§ DATA
○ ○ ○ ○

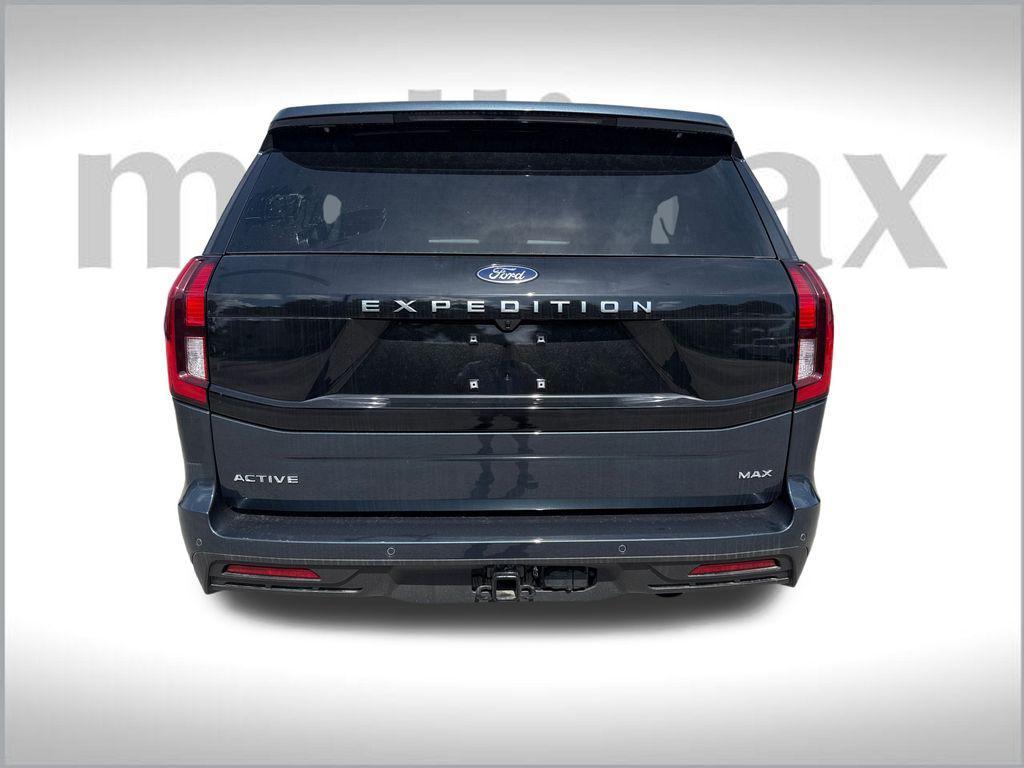 new 2025 Ford Expedition Max car, priced at $68,035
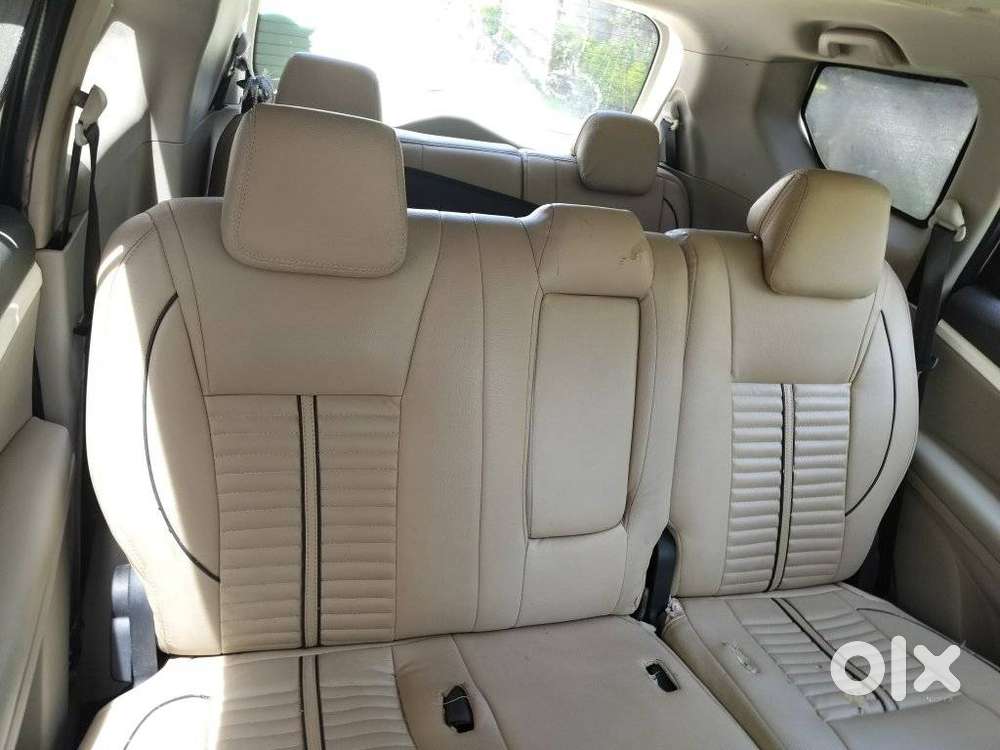 Mahindra Marazzo M6, 2019, Diesel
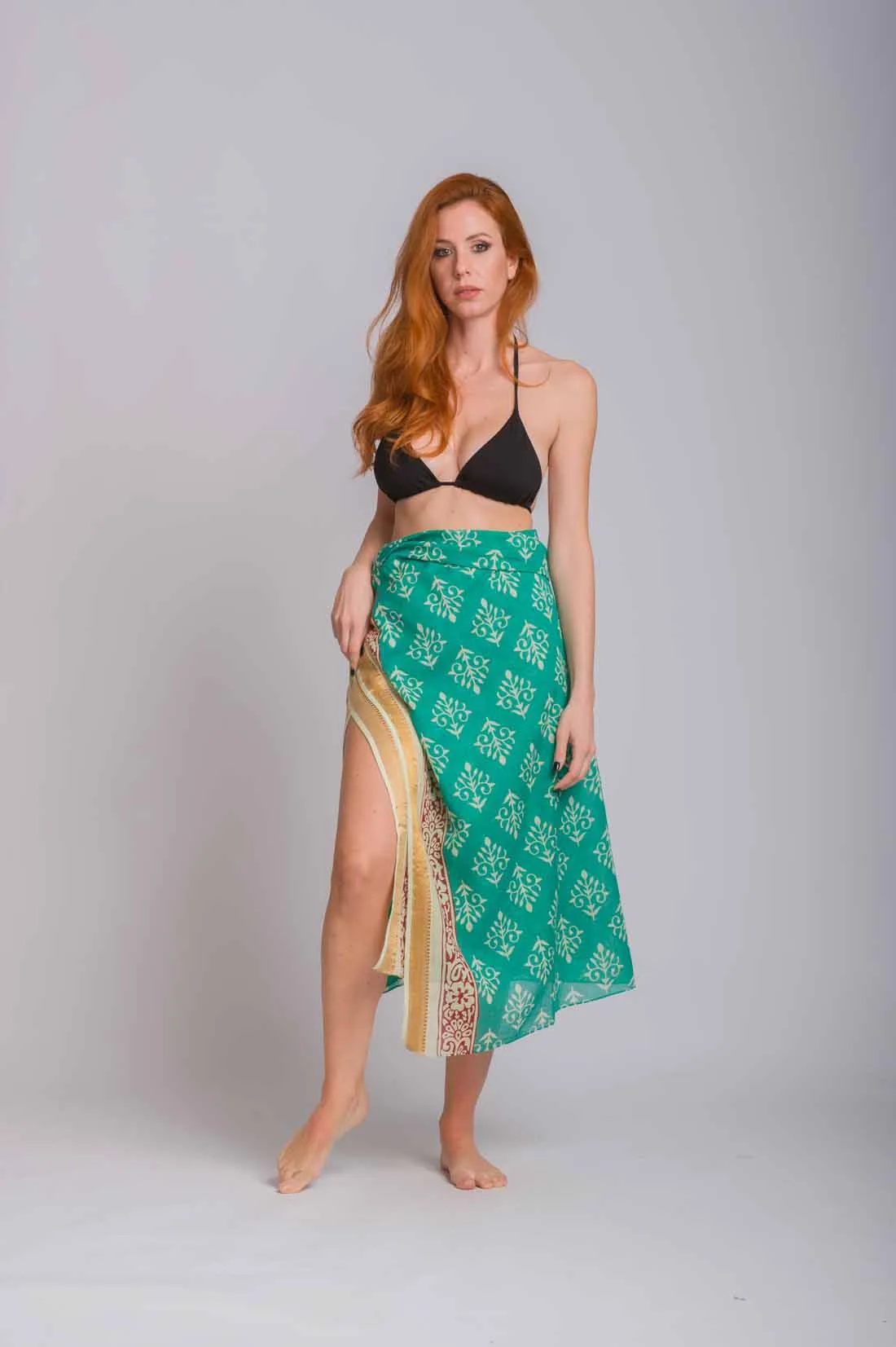 Πρασινο vibrant resort wear βαμβακερό παρεό - Μπέζ;Πράσινο παρεό παραλίας από βαμβακερό για καλοκαιρινές resort εμφανίσεις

○ ○ ○ ○

§ WHAT IS REQUIRED
Your answer must be an exact copy of the listing, minus its pictures.

§ EXERCISE OUTPUT
 new 2025 Ford Expedition Max car, priced at $68,035
 Mahindra Marazzo M6, 2019, Diesel
 Πρασινο vibrant resort wear βαμβακερό παρεό - Μπέζ;Πράσινο παρεό παραλίας από βαμβακερό για καλοκαιρινές resort εμφανίσεις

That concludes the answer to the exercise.